Speaking on Thursday at the launch of his 1.5mtpa capacity cement plant in Mfila, Congo Brazzaville,
Mr Dangote noted that his aspiration is to rank among the top 10 cement producers in the world by 2020.
The new plant estimated at $300 million has potentials for about 1000 direct employment and thousands of several other indirect jobs.
Mr Dangote, who is the Chairman of Dangote Cement Plc, in his address, said his company was delighted to have completed the plant on schedule, saying the addition of Dangote Cement’s 1.5 million metric tonnes per annum plant has more than doubled the total cement production capacity of Congo-Brazzaville, which now stands at 2.550 million metric tonnes per annum, far in excess of national demand.
“It is envisaged that this will contribute substantially to the availability and affordability of cement in the country and the Republic of the Congo will no longer need to depend on imports to bridge the gap between demand and supply.
“It is our hope that the inauguration of the plant will boost Congo’s economy, conserve foreign exchange that would otherwise have been spent on imports for the country, and create employment opportunities down the value chain,” he stated.
Mr Dangote commended the Congolese government noting that the bold economic reform measures put in place by President Denis Sassou Nguesso administration have been quite salutary. “The construction industry, which is a major sector of the economy, is a beneficiary of his policies, and has been receiving the attention of investors. We believe that our investment will contribute to Congo-Brazzaville’s current economic renaissance under the leadership of the President Nguesso.”
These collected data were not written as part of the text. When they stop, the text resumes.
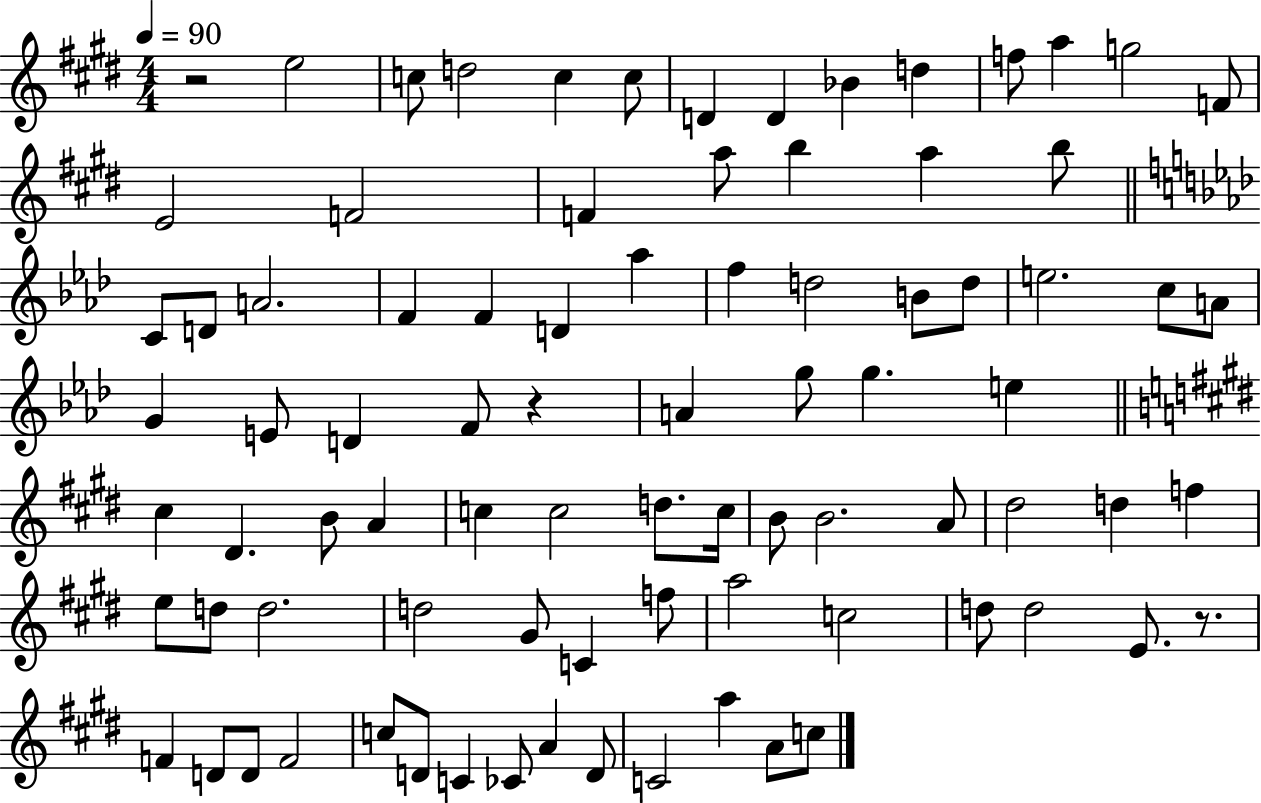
{
  \clef treble
  \numericTimeSignature
  \time 4/4
  \key e \major
  \tempo 4 = 90
  r2 e''2 | c''8 d''2 c''4 c''8 | d'4 d'4 bes'4 d''4 | f''8 a''4 g''2 f'8 | \break e'2 f'2 | f'4 a''8 b''4 a''4 b''8 | \bar "||" \break \key aes \major c'8 d'8 a'2. | f'4 f'4 d'4 aes''4 | f''4 d''2 b'8 d''8 | e''2. c''8 a'8 | \break g'4 e'8 d'4 f'8 r4 | a'4 g''8 g''4. e''4 | \bar "||" \break \key e \major cis''4 dis'4. b'8 a'4 | c''4 c''2 d''8. c''16 | b'8 b'2. a'8 | dis''2 d''4 f''4 | \break e''8 d''8 d''2. | d''2 gis'8 c'4 f''8 | a''2 c''2 | d''8 d''2 e'8. r8. | \break f'4 d'8 d'8 f'2 | c''8 d'8 c'4 ces'8 a'4 d'8 | c'2 a''4 a'8 c''8 | \bar "|."
}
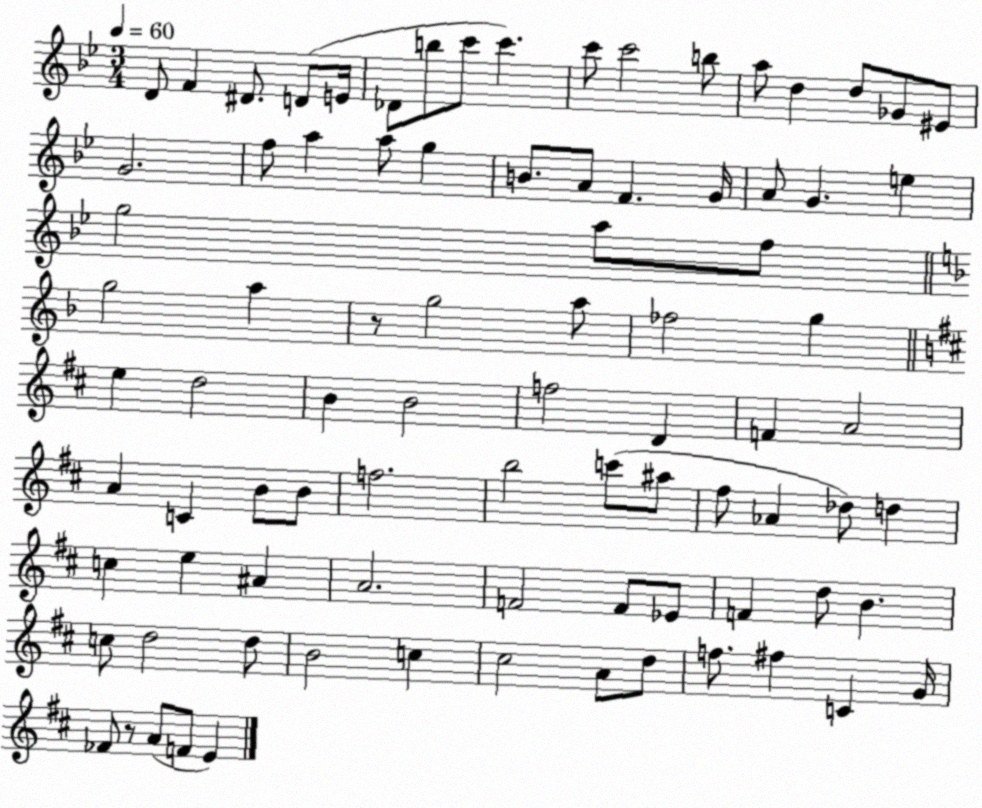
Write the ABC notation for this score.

X:1
T:Untitled
M:3/4
L:1/4
K:Bb
D/2 F ^D/2 D/2 E/4 _D/2 b/2 c'/2 c' c'/2 c'2 b/2 a/2 d d/2 _G/2 ^E/2 G2 f/2 a a/2 g B/2 A/2 F G/4 A/2 G e g2 a/2 f/2 g2 a z/2 g2 a/2 _f2 g e d2 B B2 f2 D F A2 A C B/2 B/2 f2 b2 c'/2 ^a/2 ^f/2 _A _d/2 d c e ^A A2 F2 F/2 _E/2 F d/2 B c/2 d2 d/2 B2 c ^c2 A/2 d/2 f/2 ^f C G/4 _F/2 z/2 A/2 F/2 E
He pointed out that his organization received tremendous support and encouragement both from the government and the people of Congo-Brazzaville, right from the conceptualisation stage of our project, to its final completion, and commissioning.
In appreciation of the good gesture of the government and the people, Dangote disclosed that without waiting to stabilise production, the Cement company had already commenced CSR projects with the construction of a road with a length of 30km around Yamba, which would have cost the local government approximately 240 million CFA to execute.
He stated further “we have also disbursed scholarships for students and we are also building a school and renovating a hospital within our host communities. Apart from these, we have repaired a dilapidated bridge on a major highway at a cost of $300,000, to enable heavy duty vehicles to cross the bridge. As a policy, we also ensure that we give priority to qualified indigenes from our local host communities in our recruitment drive.”
Also speaking at the commissioning, President of Congo, Mr Denis Sassou Nguesso, described the investment as an industrial revolution, sort of, within the Economic Community of the Central African States (CEMAC), saying his country was happy to host the investment.
According to him, his government has observed the operations of Dangote Cement in other African countries and it has helped buoy their economies by sparking off other allied industries expressing the hope that Congo situation would not be an exception.
The Congolese President described the coming on stream of the Dangote cement as timely and encouraging because it is starting operations at a time the total government revenues have plummeted by 31.3 percent and revenues from the oil sector have fallen 65.1 percent since 2015 due to a slide in global crude prices.
On his part, President Muhammadu Buhari, who was represented at the event by the Minister of Mines and Steel Development, Mr Kayode Fayemi, commended Mr Dangote and his cement company for championing economic renaissance of Africa with the construction of cement plants across several African countries saying the sterling accomplishment makes the Dangote Cement brand, and indeed Mr Dangote himself, worthy ambassadors of Nigeria.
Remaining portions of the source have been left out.